Our country was carefully designed so that power is diffuse. Just as the judicial, legislative and executive branches balance one another, so too do the state and federal governments provide checks on one another. The president is elected by the states, not directly the people, to ensure that the two systems of government are accountable to one another. 

The president nominates judges, acts as commander-in-chief of the military, controls much of foreign policy and, in recent years, is given wide latitude to rule through executive order. It is important, then, that even states that may be less populous not be entirely ignored.

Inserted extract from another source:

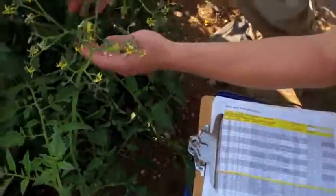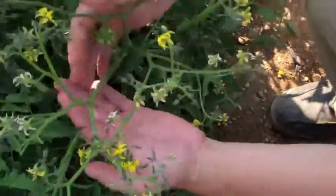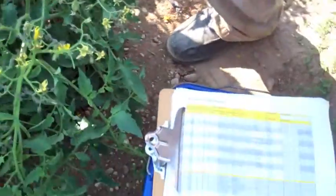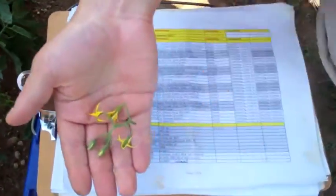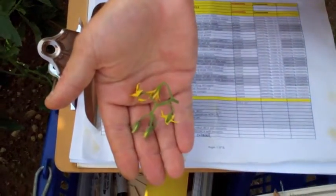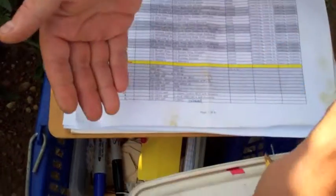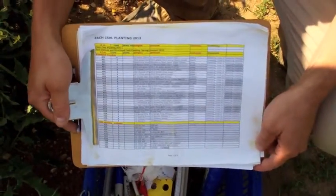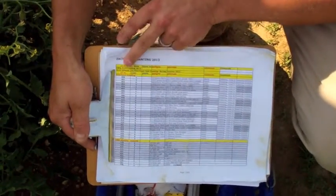When you do a cross, you first identify your mutant. Here you can see this is the branching mutant, and you're going to want to cross the branching mutant to your normal unbranched plant. You come to the field with your pedigree book, which has all your pedigree information and all the information about each plant.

What’s more, if states lose more power to the federal government, all Americans lose some of the choice (we should have 50 unique governments to choose from, and which should represent us more accurately than the federal government does) that makes our country special, because they could be overruled by a president who only represents citizens in the handful of most populous states.

Our country was formed as a confederation of states, and diluting states’ power would be a considerable restructuring of our country’s fabric. The Electoral College’s distribution of electors ensures that Wyoming, for example, has a minimum of three votes. If electors were distributed entirely proportionally to population size, then Wyoming would have less than one elector to California’s 55. Sure, a Wyomingan’s vote would literally count for just as much as a New Yorker’s, but given how many more New Yorkers there are than Wyomingans, even if all of Wyoming voted as a bloc, they would be less than a drop in the bucket. 

Even if you aren’t convinced that the Electoral College is important, changing the way that we allocate electors within it is a faster, more politically feasible alternative that achieves many of the same ends. The Electoral College is inscribed in the Constitution, making it difficult to change, but states are free to direct electors to vote however they wish. The choice to appoint electors in a winner-take-all manner is arbitrary. States can also choose to divide their electors based on the outcome of the popular vote in the state (Maine and Nebraska already do).

Everyone, regardless of their political beliefs, is shortchanged by the winner-take-all system. As a New Yorker, I know that presidential candidates have no reason to appeal to New Yorkers, because our state’s vote for the Democratic nominee is almost entirely guaranteed. Democrats have long been the majority in New York, and in a winner-take-all system, the Republican minority doesn’t matter. If, however, the margin by which a candidate won in New York did have an impact, then candidates would be incentivized to incorporate the needs of New Yorkers into their platforms. This is true of all states. The more people and states to which a president is accountable, the better. 

If the presidential election doesn’t turn out how one party or the other wants it to, there will be calls again to abolish the Electoral College. But reorganizing the winner-take-all system is a much faster and more palatable solution to the disconnect between electoral and popular votes, and it doesn’t damage the intended distribution of power between state and federal government.